Jordy, em Niterói, recebeu apoio do ex-presidente Jair Bolsonaro (PL) e de seu filho, o senador Flávio Bolsonaro (PL).
Apesar disso, ele evitou se associar publicamente à família Bolsonaro, apostando em uma aproximação de imagem com o governador de São Paulo, Tarcísio de Freitas (Republicanos).
Câmara dividida
O PL perdeu a prefeitura, mas se tornou o partido com mais vereadores eleitos para a Câmara Municipal de Niterói, com quatro nomes.
Um deles é Douglas Gomes, que se identifica como "o vereador de Bolsonaro", e foi o vereador mais votado da história da cidade, com 16.369 votos.
Além dos três vereadores do PDT, a Câmara de Niterói também elegeu dois vereadores do PSOL, dois do PT, e um do PCdoB, totalizando oito num bloco à esquerda.
Enquanto isso, além dos quatro eleitos pelo PL, também estarão na Câmara dois do União, um do Podemos e um do Republicanos, igualando a marca de oito à direita.
O bloco do centro terá dois vereadores do MDB e Cidadania e um do PSD.
Consolidação da direita no Rio
O cientista político Josué Medeiros, professor da UFRJ (Universidade Federal do Rio de Janeiro) e coordenador do Opel (Observatório Político e Eleitoral), acompanhou a campanha em Niterói de perto.
Segundo ele, o mapa do Rio de Janeiro todo mostra um avanço e uma consolidação da extrema direita no estado. O PL e partidos aliados ao governador Claudio Castro (PL) conseguiram eleger os prefeitos das cidades mais importantes do estado, à exceção da capital, Niterói e Maricá.
"Dentro desse contexto, Rio e Niterói foram cidades que resistiram, mas devido, também, aos sucessos dos grupos políticos vigentes, seja o Paes no Rio, seja Neves em Niterói", afirma o cientista político da UFRJ.
Entre os argumentos utilizados por Neves na campanha foi a defesa pela democracia. "Isso se deve ao fato de Jordy ser um dos envolvidos nas preparações e consequências de 8 de janeiro", diz Medeiros.
"Niterói nunca teve milícia de fato e as políticas públicas da cidade, como uma moeda social, foram bastante exitosas", complementa.
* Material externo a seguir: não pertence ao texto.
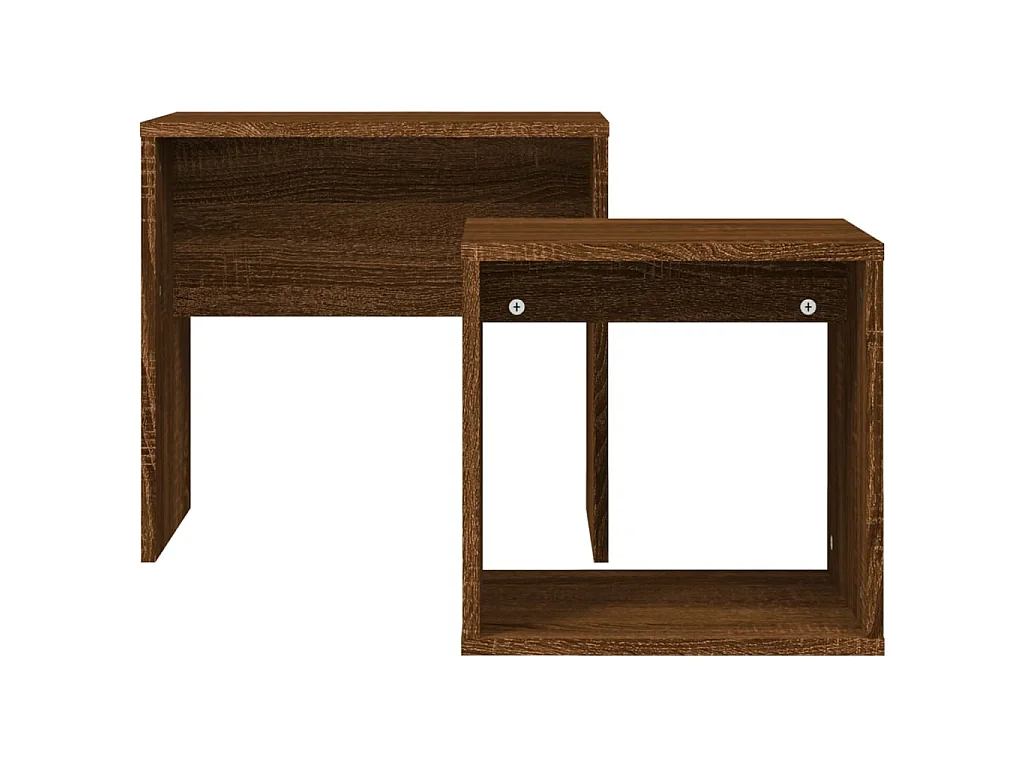 2er-Set Satztische Couchtische Braun Eichen-Optik Holzwerkstoff -MN64186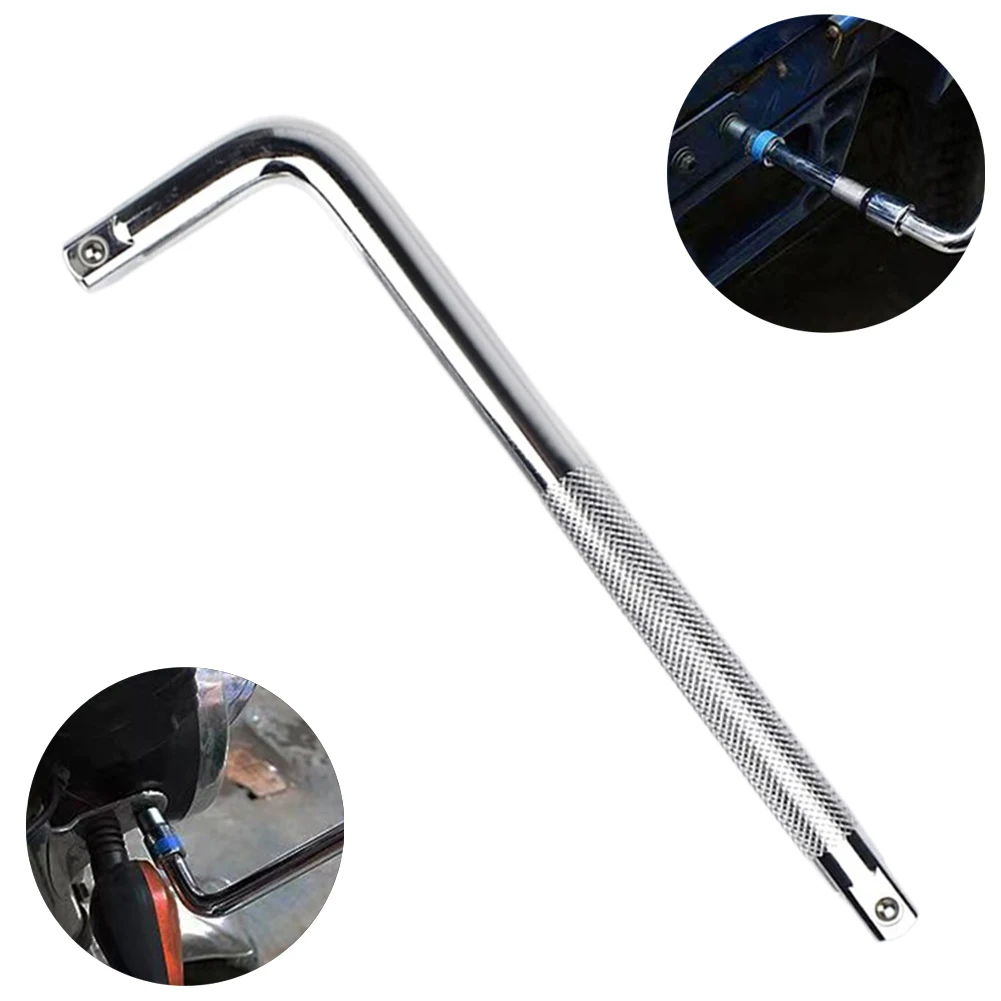 

1pc 14 Inch L Type Bent Bar Socktet Wrench Head 1/2inch With Anti-stripping Spring Anti Slip Mirror Treatment Hand Tools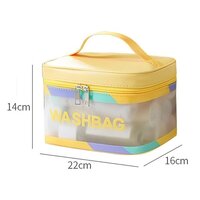 SHIFUNI Clear Travel Toiletries Bag Waterproof Large Capacity Double Zipper PVC Portable Organiser Case Carry Pouch for Women Business Bathroom,Multi(Square wash Bag)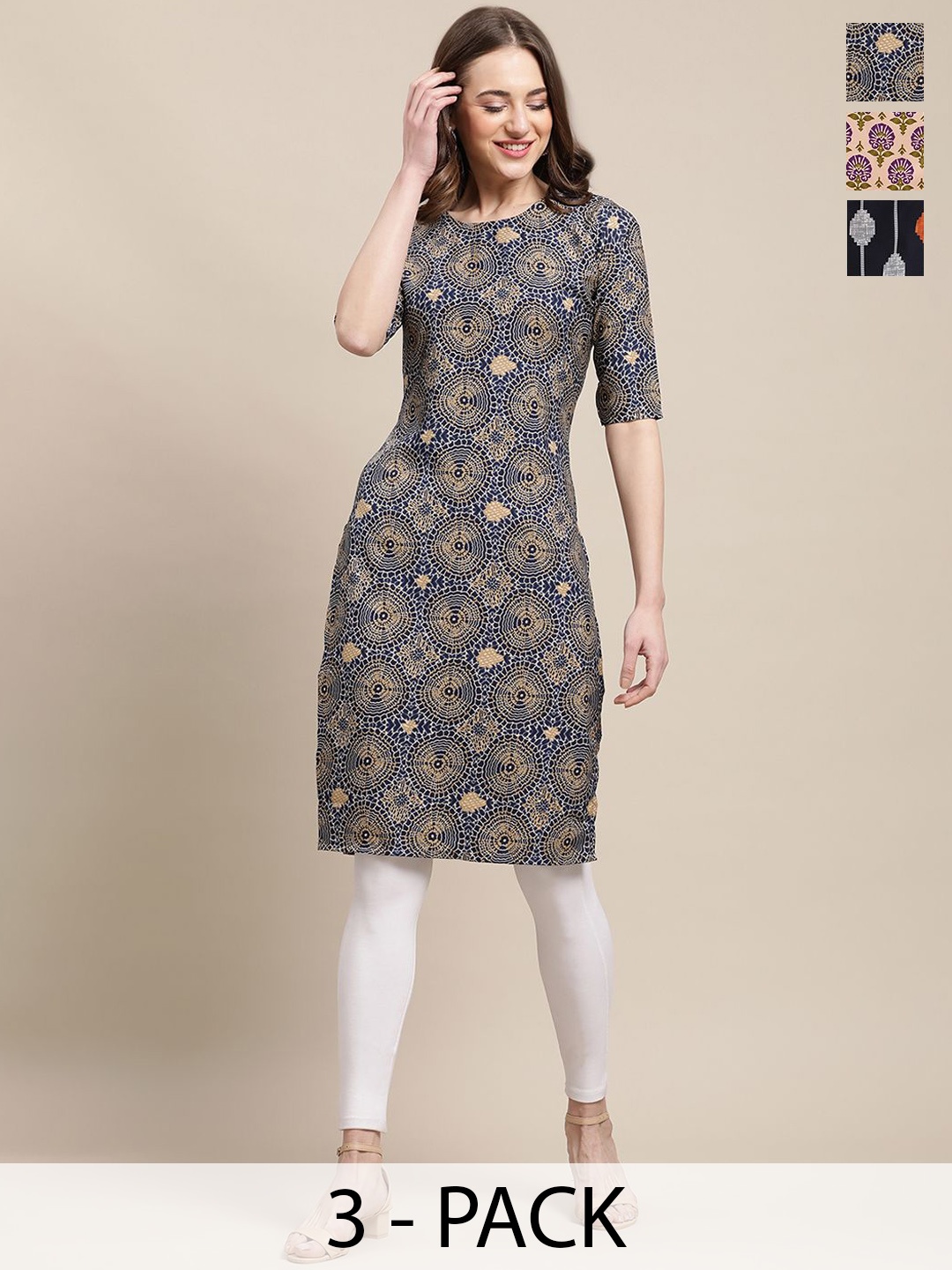 7Threads Selection Of 3 Ethnic Motifs Printed Round Neck Crepe Straight Kurta, Navy blue
7Threads Selection Of 3 Ethnic Motifs Printed Round Neck Crepe Straight Kurta, Navy blue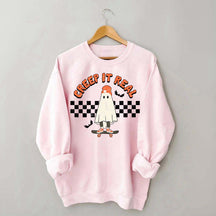 Retro Ghost Creep It Real Halloween Sweatshirt
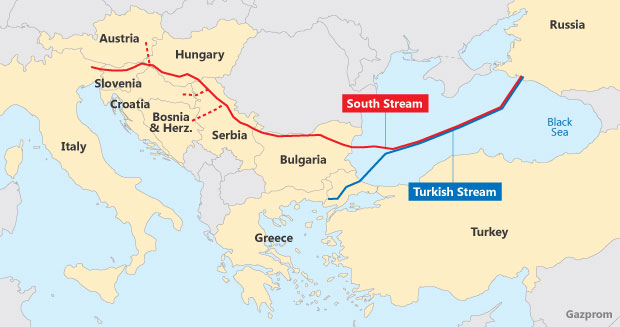 Με κόκκινο ο South Stream και με μπλε ο Turkish Stream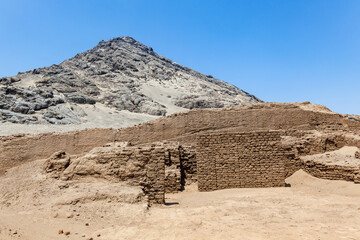 Pyramid of the sun and the moon, archaeological sites of the Moche culture. Peru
Sobre o avanço de vereadores de direita na Câmara, o especialista avalia que ocorreu um "processo parecido com o resto do Brasil".
"O bolsonarismo conseguiu muitos votos. Muitas lideranças surgiram, sempre com pautas ideológicas muito radicais. No caso do eleito por Niterói [Douglas Gomes], era uma campanha muito contra pessoas trans", finaliza.
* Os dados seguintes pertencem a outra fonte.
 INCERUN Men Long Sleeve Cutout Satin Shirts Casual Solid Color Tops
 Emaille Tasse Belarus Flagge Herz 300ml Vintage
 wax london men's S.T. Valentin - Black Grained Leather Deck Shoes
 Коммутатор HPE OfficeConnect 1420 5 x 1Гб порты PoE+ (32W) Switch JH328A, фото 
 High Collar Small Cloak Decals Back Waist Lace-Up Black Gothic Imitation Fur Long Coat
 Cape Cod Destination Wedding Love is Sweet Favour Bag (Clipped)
A professora de ciência política da UFRJ Mayra Goulart, coordenadora do Lapcom (Laboratório de Eleições, Partidos e Política Comparada), afirma que Neves deve ser visto menos como uma liderança à esquerda e mais como uma "liderança pragmática".
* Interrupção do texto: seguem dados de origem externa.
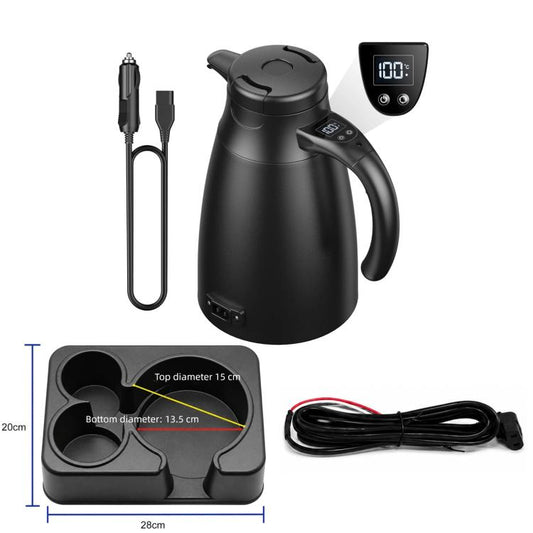 LY1200 12V/24V Universal Digital Display Car Kettle 1.2L Stainless Steel Electric Water Kettle, Kettle + Base, Kettle + 4m Cable, Kettle + Base + 4m Cable, Kettle
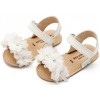 Babywalker  Δερμάτινο Πέδιλο με Chiffon Λουλούδια σε Λευκό  Χρώμα MI.1633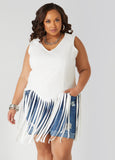 Fringed Denim Top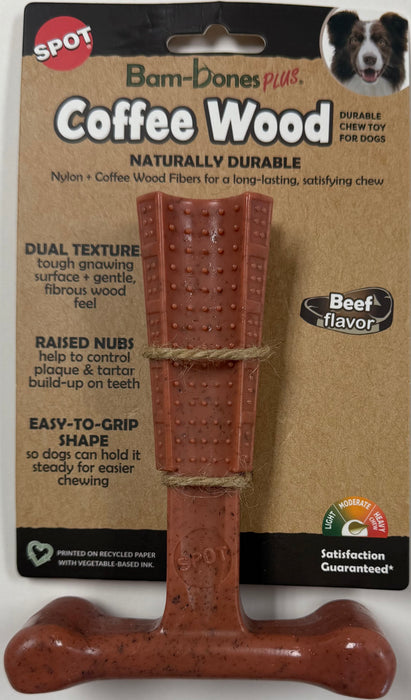 Ethical Pet Bam-Bone Plus Coffee Wood Dog Chew Toy, Beef, 6 inches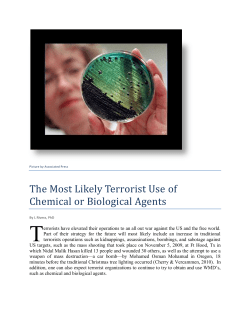 The Most Likely Terrorist Use of Chemical or Biological Agents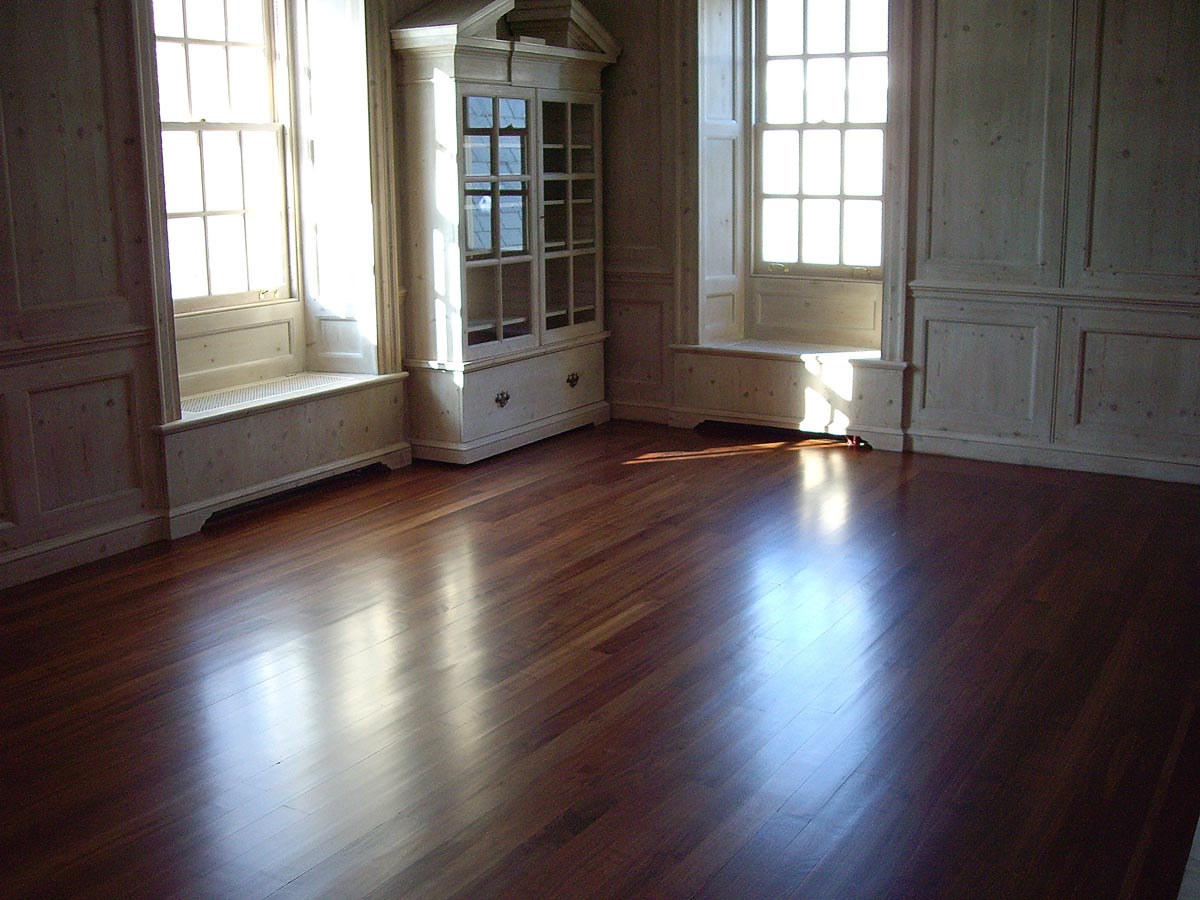 Dark Stained Flooring in Historic Home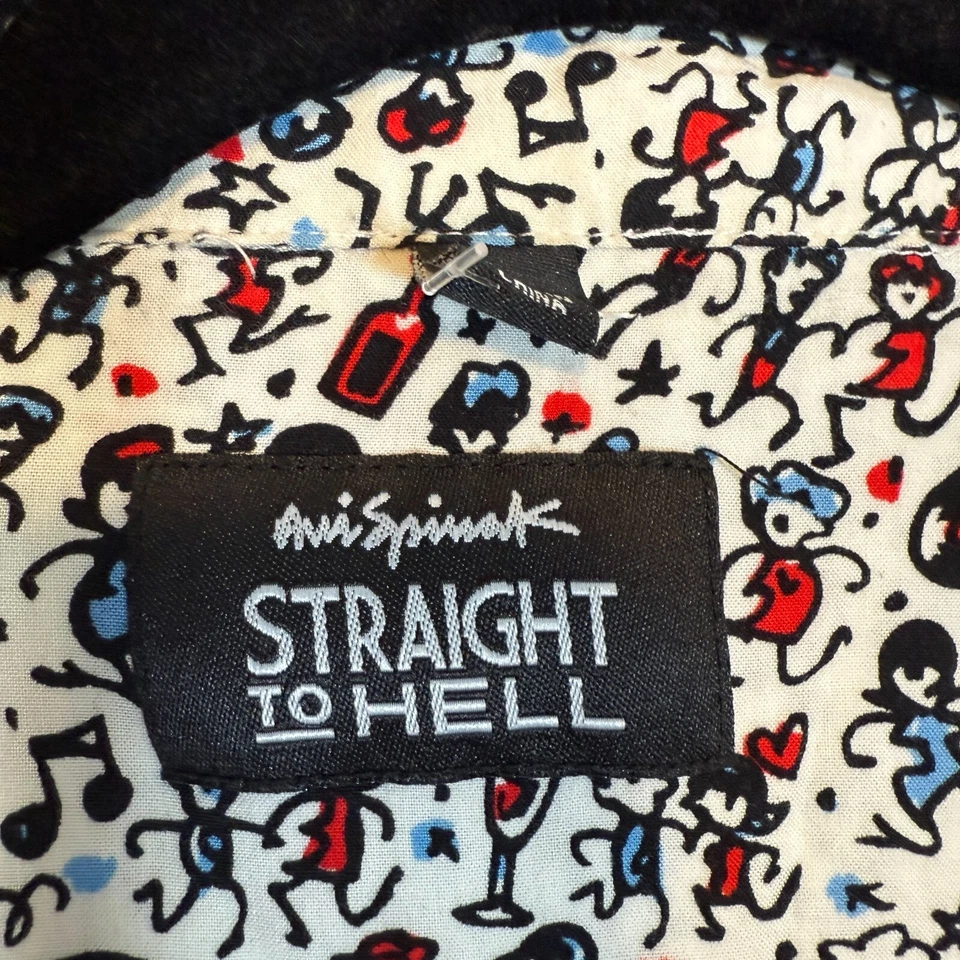 Camisa de fiesta Straight To Hell Rock N Roll para hombre grande con botones suelta corta Slv Foto 3 de 4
Ela explica que, no início dos anos 2000, a esquerda teve mais votos na região por influência do brizolismo. "Em 2003, a hegemonia do PT na esquerda se consolida, mas em 2006 houve redução na identificação das classes médias e altas com a esquerda em geral", diz.
Para Mayra, Neves conseguiu contrabalançar as circunstâncias — antipetismo crescente e a onda conservadora — com histórico de boa governança. "Em Niterói, lideranças locais fizeram boas gestões e colheram os frutos disso. Mas hoje, o desafio é o antipetismo que ainda marca o eleitorado, além da identificação com o bolsonarismo."
O dia da votação
No primeiro turno, Neves teve 48,47% dos votos, enquanto Jordy teve 35,59%. A pesquisa AtlasIntel, divulgada um dia antes da eleição, mostrava vitória de Neves com uma vantagem de 20 pontos percentuais: 60,1% contra 39,9%.
Os dois candidatos votaram pela manhã. Jordy votou por volta das 9h30 no Clube Naval, em Charitas, enquanto Neves votou às 10h45 na Faculdade de Veterinária da UFF (Universidade Federal Fluminense), em Icaraí.
A reportagem esteve nos dois colégios eleitorais neste domingo. Em nenhum ponto da cidade houve animosidade entre opositores, de acordo com policiais militares.
Apesar disso, pelo menos 38 pessoas foram levadas à delegacia da Polícia Federal na cidade suspeitas de terem praticado crime eleitoral, a maioria por boca de urna.
Após votar no Clube Naval, Jordy afirmou à imprensa que estava esperançoso pelo sentimento de mudança que seus eleitores tinham com relação a atual gestão.
Já Neves disse a jornalistas que os votos que receberia seriam para enfrentar "amigos de grupos milicianos" de entrar na política da cidade.